Knowledge of Saving and Saving Behaviors. Households with low scores on the saving index had lower overall financial knowledge scores and lower scores on the saving subsection of the quiz (table 2). Those with low index scores had an average saving knowledge score of 67 percent, compared with 77 percent for those in the medium group and 86 percent for those in the high group. This correlation between knowledge of saving and saving behaviors was statistically significant: A household with a saving score of 70 out of 100 had a 27 percent chance of being in the high saving index group. In contrast, the same household with a saving score of 90 had a 31 percent chance of being in the high saving index group.

INVESTMENT.

Survey Results. After households have established an emergency fund, many personal finance texts and financial planners recommend that the next step be investing for short- to mid-term goals (such as a vacation) as well as for longer-term goals (homes, children's college education, and retirement). More than half (52 percent) of the households in the Surveys of Consumers reported having an investment account; 46 percent had mutual funds, 24 percent had stock, and 6 percent had bonds.
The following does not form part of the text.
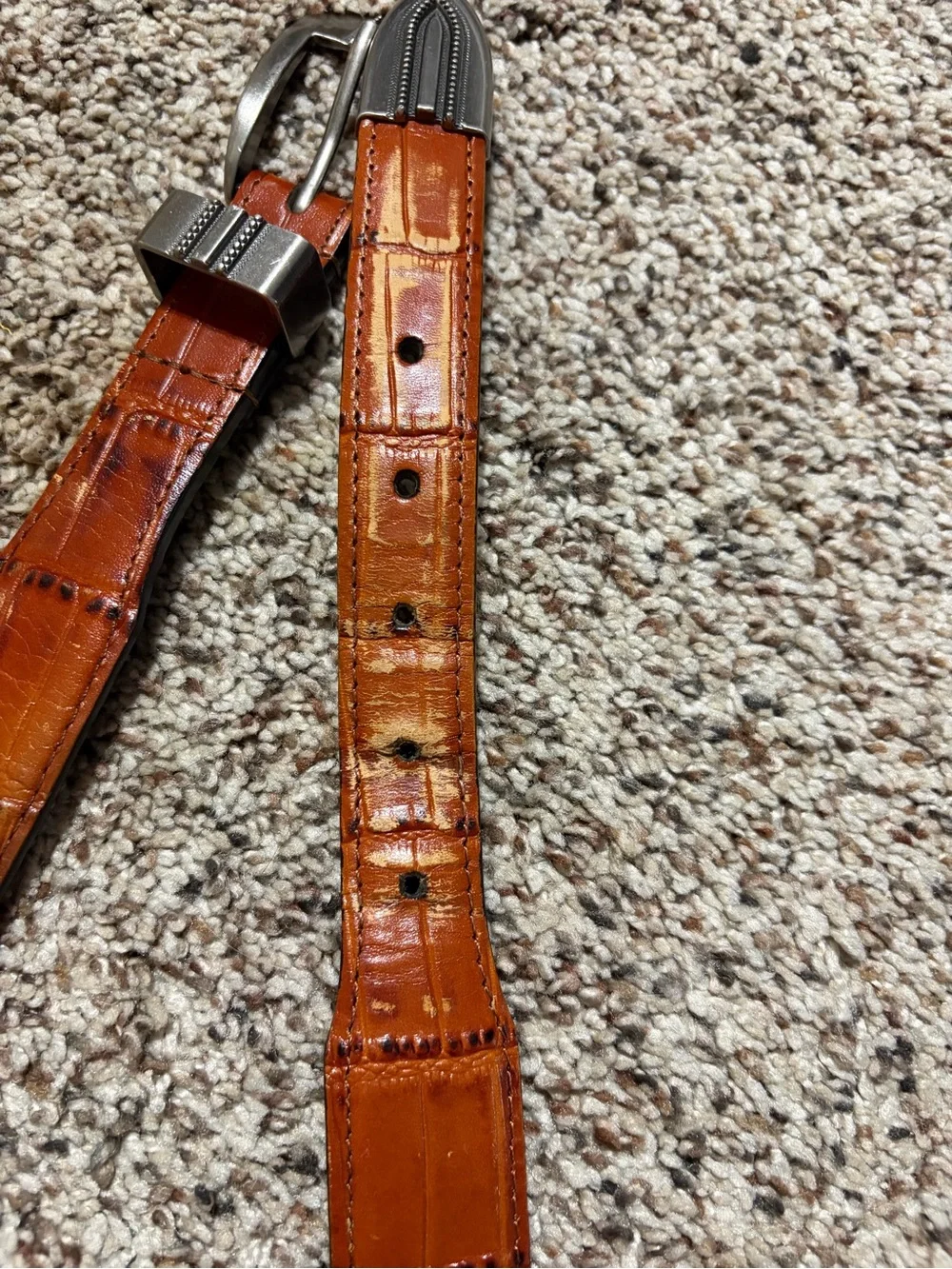 Zep-Pro Men's Brown Croc-Embossed Leather Belt with Silver Accents 40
Furthermore, 75 percent owned their own home. Nearly three-fourths of the respondents said that they diversified their portfolios by having money spread over different types of investments. Financial assets held in investments are one way for people to accumulate their down payments for cars and homes, as well as to build college and retirement funds. Some studies have shown that for lower-income households, financial assets account for a larger proportion of net worth than for middleand upper-income households; that is, lower-income families hold most of their assets in financial instruments rather than in homes, cars, businesses, or other real property. According to the 2001 SCF, 75 percent of U.S. households in the lowest 20 percent of the income distribution held at least some financial

[note: among Low-income Households'' (paper prepared for Ford Foundation conference, ''Benefits and Mechanisms for Spreading Asset Ownership in the United States,'' December 10-12, 1998, New York, New York), February 2000 (www.brook.edu/views/papers/gale/ 19991130.pdf).[endofnote.]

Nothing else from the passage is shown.